Of course, say I implement a symbol table, it might hold several tens of thousands of characters, or around a megabyte of heap space. Further compressing it down is possible by having a native string representation which would also mean an end to the rather slow character list comparisons and a 'nicer' manner of interfacing with C.

But changing to strings opens up two cans of worms: 1) Allocating texts in the heap during a rewrite means you can run out of heap space in the middle of a combinator rewrite. 2) I heavily abuse libffi for calling native routines and use the native libffi structures for storing the calling convention which doesn't have provisions for discriminating between regular pointers and pointers to character arrays.

Problem 1 is addressable by tracking registers used in a combinatorial rewrite by translating them to use temporary root pointers into the heap. Such an approach will incur a substantial overhead. Problem 2 is solvable by not using libffi structures but by writing my own FFI routines, or getting rid of that altogether and just link and compile against imported libraries by generating calls with the right conversions.

Solving this the general manner means adapting what I have now with a proper VM. Which is possible, but also means at some point you end up measuring the throughput of interpreted instructions in GB/s, I am not sure I really want to go that way. On the other hand, I feel like there's no other possible path in the long run.

Then there are the two other points of: A) The compiler generates pretty fat binaries And, B) at some point being able to support multi-core processing.

Problem A is (probably) a side effect of compiling everything down to combinators without support for, for instance, local lets or local chaining of instructions, i.e., all sequential steps are represented by combinator applications which are translated to C functions. Moreover, the SSA forms used in the compiler might not be optimal, a push takes half the number of arguments of an assignment and most of the assignments generated could be represented by pushes. Problem B I don't dare to think about anymore.

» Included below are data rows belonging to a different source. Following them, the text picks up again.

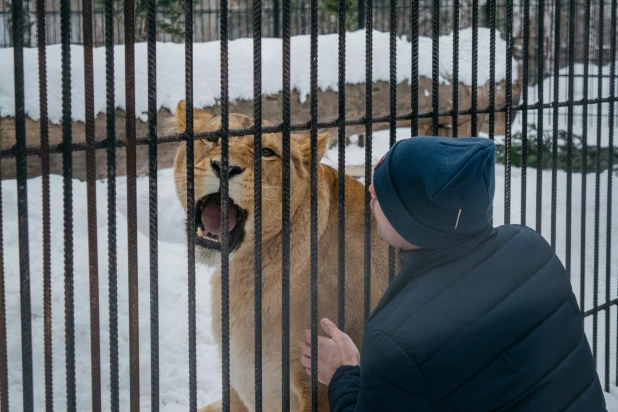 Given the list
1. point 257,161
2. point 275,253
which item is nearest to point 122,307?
point 275,253

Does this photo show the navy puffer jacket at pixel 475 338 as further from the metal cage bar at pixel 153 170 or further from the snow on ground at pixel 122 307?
the snow on ground at pixel 122 307

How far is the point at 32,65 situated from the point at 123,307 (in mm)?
2024

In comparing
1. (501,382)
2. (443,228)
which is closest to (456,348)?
(501,382)

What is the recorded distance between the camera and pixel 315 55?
7.93 ft

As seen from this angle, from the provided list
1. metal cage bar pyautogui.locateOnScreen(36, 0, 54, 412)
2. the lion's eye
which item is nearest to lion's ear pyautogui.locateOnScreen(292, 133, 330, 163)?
the lion's eye

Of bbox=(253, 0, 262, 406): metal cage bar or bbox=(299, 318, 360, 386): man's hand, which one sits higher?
bbox=(253, 0, 262, 406): metal cage bar

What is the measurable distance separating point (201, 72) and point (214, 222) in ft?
11.0

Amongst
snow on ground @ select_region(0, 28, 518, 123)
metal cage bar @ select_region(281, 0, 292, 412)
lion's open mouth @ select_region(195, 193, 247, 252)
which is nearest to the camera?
metal cage bar @ select_region(281, 0, 292, 412)

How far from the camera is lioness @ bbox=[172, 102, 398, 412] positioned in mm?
2916

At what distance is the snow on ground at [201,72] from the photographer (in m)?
5.16

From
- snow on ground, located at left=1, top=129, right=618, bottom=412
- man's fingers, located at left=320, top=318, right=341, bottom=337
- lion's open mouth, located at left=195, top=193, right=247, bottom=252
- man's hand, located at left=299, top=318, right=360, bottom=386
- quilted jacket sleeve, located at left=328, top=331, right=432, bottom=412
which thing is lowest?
snow on ground, located at left=1, top=129, right=618, bottom=412

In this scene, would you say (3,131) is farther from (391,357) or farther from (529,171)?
(529,171)

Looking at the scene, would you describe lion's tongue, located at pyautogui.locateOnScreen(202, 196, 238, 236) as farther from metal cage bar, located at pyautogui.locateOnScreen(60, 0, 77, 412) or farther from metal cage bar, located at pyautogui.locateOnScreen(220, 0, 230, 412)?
metal cage bar, located at pyautogui.locateOnScreen(60, 0, 77, 412)

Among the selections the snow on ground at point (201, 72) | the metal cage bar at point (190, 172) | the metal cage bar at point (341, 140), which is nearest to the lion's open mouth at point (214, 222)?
the metal cage bar at point (341, 140) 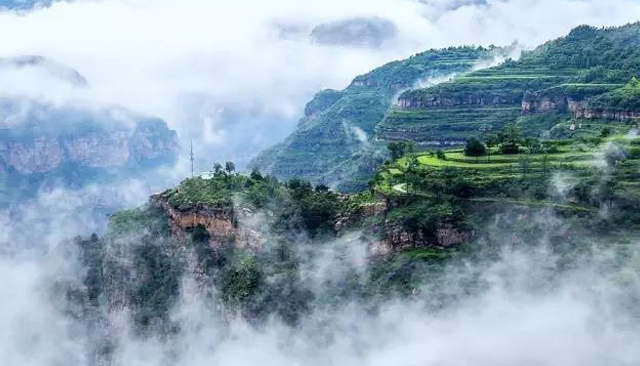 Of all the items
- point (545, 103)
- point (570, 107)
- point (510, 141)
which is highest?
point (545, 103)

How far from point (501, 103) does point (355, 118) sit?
45029 mm

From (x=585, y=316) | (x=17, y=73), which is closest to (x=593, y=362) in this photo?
(x=585, y=316)

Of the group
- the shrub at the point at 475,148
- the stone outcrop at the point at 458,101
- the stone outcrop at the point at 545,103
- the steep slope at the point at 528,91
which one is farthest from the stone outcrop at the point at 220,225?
the stone outcrop at the point at 458,101

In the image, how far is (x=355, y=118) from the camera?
14000 cm

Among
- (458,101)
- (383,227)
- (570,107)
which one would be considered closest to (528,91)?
(570,107)

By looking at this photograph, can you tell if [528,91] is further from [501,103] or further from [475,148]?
[475,148]

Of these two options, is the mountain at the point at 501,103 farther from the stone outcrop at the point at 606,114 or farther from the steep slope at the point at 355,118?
the steep slope at the point at 355,118

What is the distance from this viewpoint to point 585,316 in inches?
1763

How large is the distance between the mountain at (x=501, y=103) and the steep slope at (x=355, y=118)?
308 mm

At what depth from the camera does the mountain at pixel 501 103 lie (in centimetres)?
8438

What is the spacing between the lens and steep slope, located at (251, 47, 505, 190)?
131 m

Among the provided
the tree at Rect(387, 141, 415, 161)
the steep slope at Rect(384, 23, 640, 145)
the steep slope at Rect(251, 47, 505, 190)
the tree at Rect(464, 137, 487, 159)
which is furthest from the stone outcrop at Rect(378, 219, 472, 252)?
the steep slope at Rect(251, 47, 505, 190)

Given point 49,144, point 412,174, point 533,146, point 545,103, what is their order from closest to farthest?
point 412,174 < point 533,146 < point 545,103 < point 49,144

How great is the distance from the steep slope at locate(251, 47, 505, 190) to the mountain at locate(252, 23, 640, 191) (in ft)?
1.01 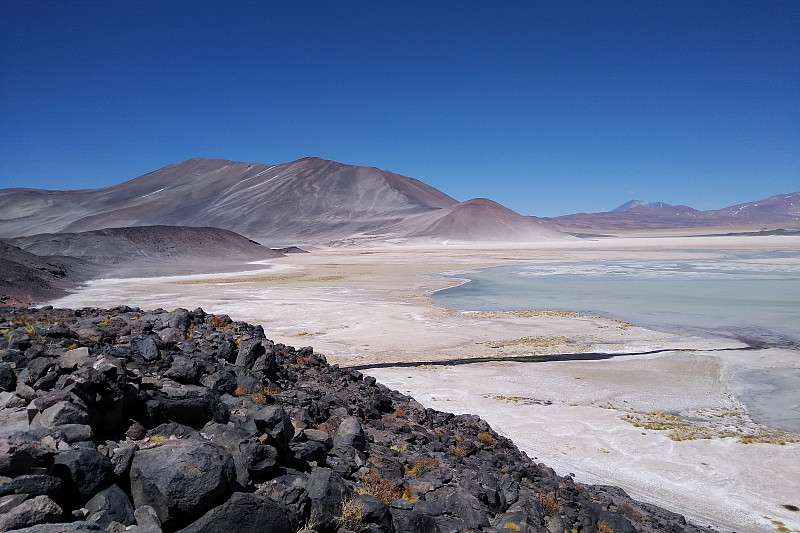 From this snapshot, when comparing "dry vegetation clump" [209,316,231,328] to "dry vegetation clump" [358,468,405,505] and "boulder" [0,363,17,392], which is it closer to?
"boulder" [0,363,17,392]

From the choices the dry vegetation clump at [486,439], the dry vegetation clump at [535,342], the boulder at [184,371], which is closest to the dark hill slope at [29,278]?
the dry vegetation clump at [535,342]

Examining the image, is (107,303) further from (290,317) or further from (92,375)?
(92,375)

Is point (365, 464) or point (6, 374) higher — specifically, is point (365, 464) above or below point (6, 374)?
below

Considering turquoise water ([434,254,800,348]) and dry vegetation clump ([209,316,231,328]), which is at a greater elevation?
dry vegetation clump ([209,316,231,328])

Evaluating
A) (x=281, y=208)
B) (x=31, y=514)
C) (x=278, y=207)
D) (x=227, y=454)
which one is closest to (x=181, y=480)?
(x=227, y=454)

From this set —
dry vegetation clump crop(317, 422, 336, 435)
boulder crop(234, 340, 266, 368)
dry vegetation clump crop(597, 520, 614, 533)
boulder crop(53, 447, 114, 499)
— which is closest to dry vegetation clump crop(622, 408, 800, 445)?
dry vegetation clump crop(597, 520, 614, 533)

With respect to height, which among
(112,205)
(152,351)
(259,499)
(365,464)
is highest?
(112,205)

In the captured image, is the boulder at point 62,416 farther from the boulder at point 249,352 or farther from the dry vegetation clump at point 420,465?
the boulder at point 249,352

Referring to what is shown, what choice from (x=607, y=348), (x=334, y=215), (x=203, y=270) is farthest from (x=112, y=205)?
(x=607, y=348) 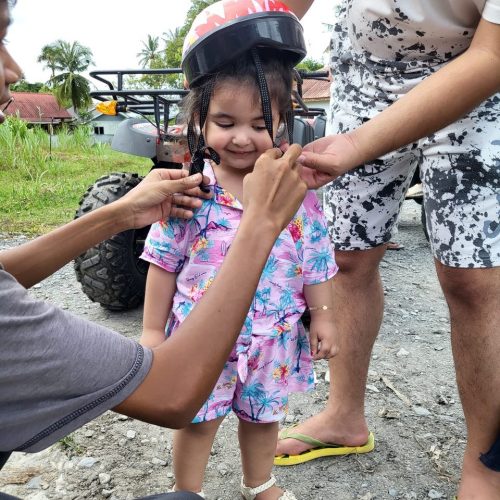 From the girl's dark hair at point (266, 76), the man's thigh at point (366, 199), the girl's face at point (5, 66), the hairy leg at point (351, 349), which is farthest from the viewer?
the hairy leg at point (351, 349)

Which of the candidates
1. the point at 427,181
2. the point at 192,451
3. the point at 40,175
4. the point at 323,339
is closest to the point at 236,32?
the point at 427,181

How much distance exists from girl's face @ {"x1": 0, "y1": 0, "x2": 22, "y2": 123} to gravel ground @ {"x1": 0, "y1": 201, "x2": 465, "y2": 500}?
143cm

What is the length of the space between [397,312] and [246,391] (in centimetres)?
214

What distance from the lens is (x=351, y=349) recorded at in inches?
83.5

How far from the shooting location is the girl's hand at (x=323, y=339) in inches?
66.4

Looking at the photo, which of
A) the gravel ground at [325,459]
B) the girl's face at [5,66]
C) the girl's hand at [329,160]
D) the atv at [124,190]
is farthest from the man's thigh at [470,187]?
the atv at [124,190]

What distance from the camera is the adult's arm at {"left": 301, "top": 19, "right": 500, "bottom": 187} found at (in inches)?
56.0

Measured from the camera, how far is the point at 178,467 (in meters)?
1.72

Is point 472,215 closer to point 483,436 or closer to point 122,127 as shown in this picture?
point 483,436

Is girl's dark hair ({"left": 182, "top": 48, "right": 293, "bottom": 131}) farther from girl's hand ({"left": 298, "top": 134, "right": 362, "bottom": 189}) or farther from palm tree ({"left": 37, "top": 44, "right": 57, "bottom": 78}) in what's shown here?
palm tree ({"left": 37, "top": 44, "right": 57, "bottom": 78})

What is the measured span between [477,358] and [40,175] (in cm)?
941

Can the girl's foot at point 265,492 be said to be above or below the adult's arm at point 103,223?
below

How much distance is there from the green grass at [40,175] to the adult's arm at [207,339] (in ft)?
15.9

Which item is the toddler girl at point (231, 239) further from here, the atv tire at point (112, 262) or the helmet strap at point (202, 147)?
the atv tire at point (112, 262)
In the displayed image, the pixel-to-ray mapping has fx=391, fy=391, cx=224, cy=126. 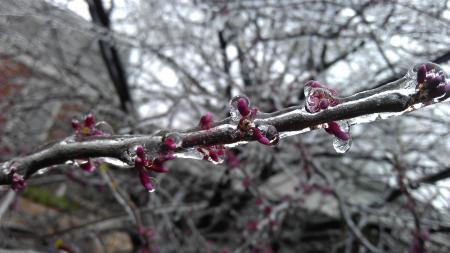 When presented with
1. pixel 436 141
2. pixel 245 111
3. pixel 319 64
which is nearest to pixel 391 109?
pixel 245 111

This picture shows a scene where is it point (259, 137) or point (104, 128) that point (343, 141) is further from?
point (104, 128)

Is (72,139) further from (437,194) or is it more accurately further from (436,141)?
(436,141)

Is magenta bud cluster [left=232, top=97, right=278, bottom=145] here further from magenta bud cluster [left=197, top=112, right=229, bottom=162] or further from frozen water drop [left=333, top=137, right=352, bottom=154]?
frozen water drop [left=333, top=137, right=352, bottom=154]

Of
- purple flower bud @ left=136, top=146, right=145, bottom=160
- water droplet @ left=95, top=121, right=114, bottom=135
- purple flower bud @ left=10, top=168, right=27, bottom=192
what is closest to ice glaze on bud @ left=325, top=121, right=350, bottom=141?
purple flower bud @ left=136, top=146, right=145, bottom=160

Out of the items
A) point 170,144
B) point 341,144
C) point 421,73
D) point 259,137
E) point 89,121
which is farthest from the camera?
point 89,121

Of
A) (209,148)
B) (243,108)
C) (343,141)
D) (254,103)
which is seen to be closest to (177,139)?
(209,148)

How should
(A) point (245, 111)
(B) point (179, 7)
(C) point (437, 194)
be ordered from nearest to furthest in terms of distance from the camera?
1. (A) point (245, 111)
2. (C) point (437, 194)
3. (B) point (179, 7)

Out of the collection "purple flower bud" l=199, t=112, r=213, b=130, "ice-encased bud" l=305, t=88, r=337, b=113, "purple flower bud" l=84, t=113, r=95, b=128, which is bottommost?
"ice-encased bud" l=305, t=88, r=337, b=113

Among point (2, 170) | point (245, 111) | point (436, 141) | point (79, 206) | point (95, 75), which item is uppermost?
point (95, 75) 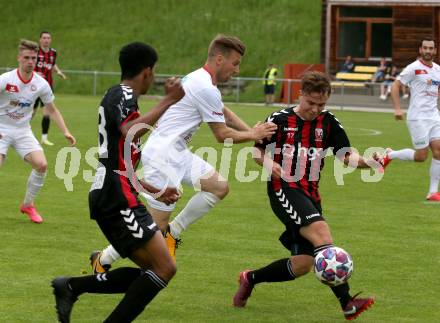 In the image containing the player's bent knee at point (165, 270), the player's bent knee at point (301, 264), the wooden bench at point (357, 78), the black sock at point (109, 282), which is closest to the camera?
the player's bent knee at point (165, 270)

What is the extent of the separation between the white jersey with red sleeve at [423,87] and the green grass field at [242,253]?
1.24m

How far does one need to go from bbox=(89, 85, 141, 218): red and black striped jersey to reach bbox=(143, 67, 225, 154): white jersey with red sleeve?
206 centimetres

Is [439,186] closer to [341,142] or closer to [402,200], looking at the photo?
[402,200]

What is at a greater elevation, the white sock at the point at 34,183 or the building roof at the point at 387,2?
the white sock at the point at 34,183

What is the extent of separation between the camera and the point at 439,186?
1655 cm

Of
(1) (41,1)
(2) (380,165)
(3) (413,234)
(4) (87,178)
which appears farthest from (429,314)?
(1) (41,1)

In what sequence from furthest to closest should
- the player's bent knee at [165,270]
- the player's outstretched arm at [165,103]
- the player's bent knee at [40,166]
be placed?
the player's bent knee at [40,166] < the player's bent knee at [165,270] < the player's outstretched arm at [165,103]

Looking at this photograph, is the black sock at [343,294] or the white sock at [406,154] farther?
the white sock at [406,154]

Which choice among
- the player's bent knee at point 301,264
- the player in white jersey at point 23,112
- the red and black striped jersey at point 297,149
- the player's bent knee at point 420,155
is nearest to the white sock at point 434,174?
the player's bent knee at point 420,155

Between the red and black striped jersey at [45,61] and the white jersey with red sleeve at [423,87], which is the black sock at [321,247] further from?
the red and black striped jersey at [45,61]

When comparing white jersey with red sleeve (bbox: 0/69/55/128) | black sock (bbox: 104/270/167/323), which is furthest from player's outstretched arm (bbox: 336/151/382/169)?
white jersey with red sleeve (bbox: 0/69/55/128)

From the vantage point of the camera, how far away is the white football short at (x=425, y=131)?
49.2 ft

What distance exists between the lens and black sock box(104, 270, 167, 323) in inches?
266

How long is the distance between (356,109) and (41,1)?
2249cm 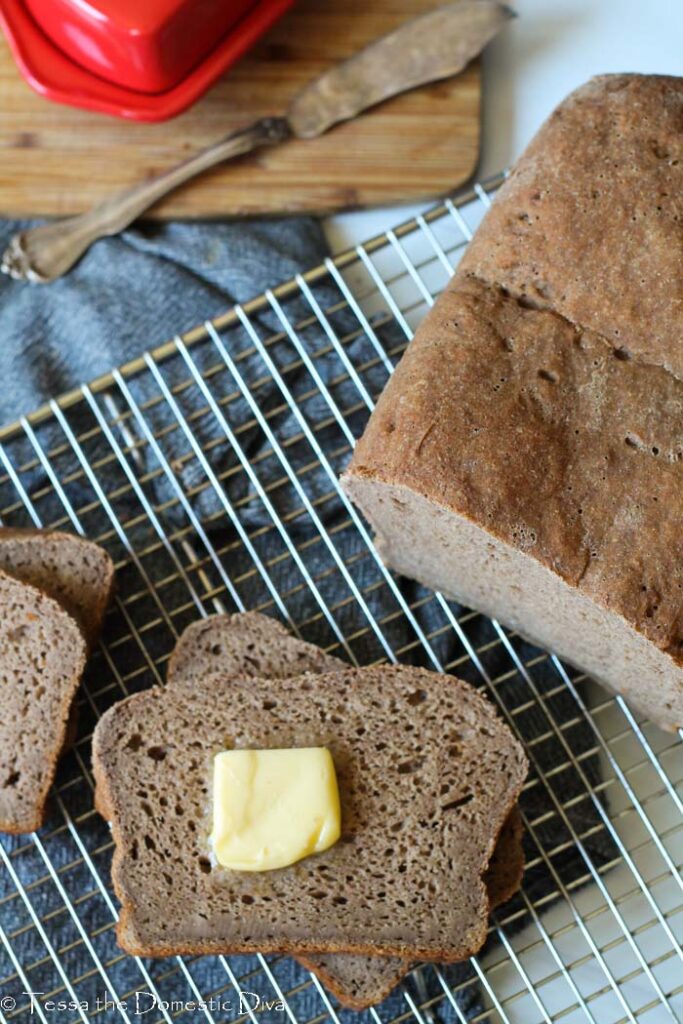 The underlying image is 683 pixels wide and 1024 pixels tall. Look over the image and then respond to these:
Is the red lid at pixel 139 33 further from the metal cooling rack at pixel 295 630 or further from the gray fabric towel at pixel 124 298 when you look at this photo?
the metal cooling rack at pixel 295 630

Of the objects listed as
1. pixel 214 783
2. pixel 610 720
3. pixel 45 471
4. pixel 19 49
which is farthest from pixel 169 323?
pixel 610 720

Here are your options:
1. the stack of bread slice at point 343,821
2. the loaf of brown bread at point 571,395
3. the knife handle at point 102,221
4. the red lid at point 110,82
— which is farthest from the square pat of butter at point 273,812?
the red lid at point 110,82

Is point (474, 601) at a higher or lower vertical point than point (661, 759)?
higher

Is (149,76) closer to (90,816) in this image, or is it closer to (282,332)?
(282,332)

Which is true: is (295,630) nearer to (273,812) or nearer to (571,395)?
(273,812)

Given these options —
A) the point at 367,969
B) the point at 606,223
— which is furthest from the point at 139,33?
the point at 367,969

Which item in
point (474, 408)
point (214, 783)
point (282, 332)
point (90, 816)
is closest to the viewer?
point (474, 408) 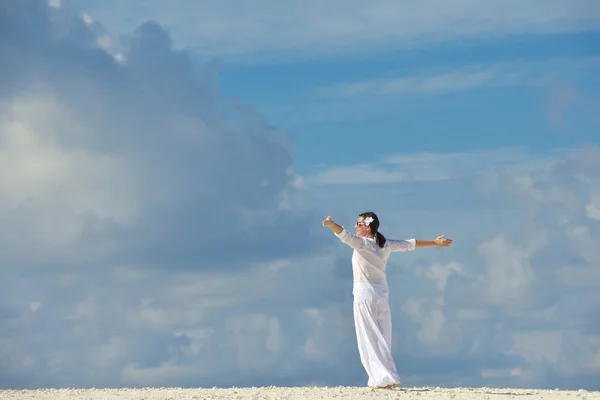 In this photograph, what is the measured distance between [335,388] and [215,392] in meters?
2.59

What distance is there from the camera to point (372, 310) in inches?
850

Maybe I should have a good look at Caml light again? I guess the ML system gives at least one trivial answer: going with a light-weight VM is just worth it.

A Trip Down Memory Lane

All compilers go through an quantitative analysis phase where performance is studied. I liked this paper: A Trip Down Memory Lane in Haskell,Neil C. C. Brown, Adam T. Sampson.

Their experience is with a language called Tock.

(I need to get rid of two spikes: 15M (2.4GB) of character data, 30M (>1.5GB) of generated instructions.)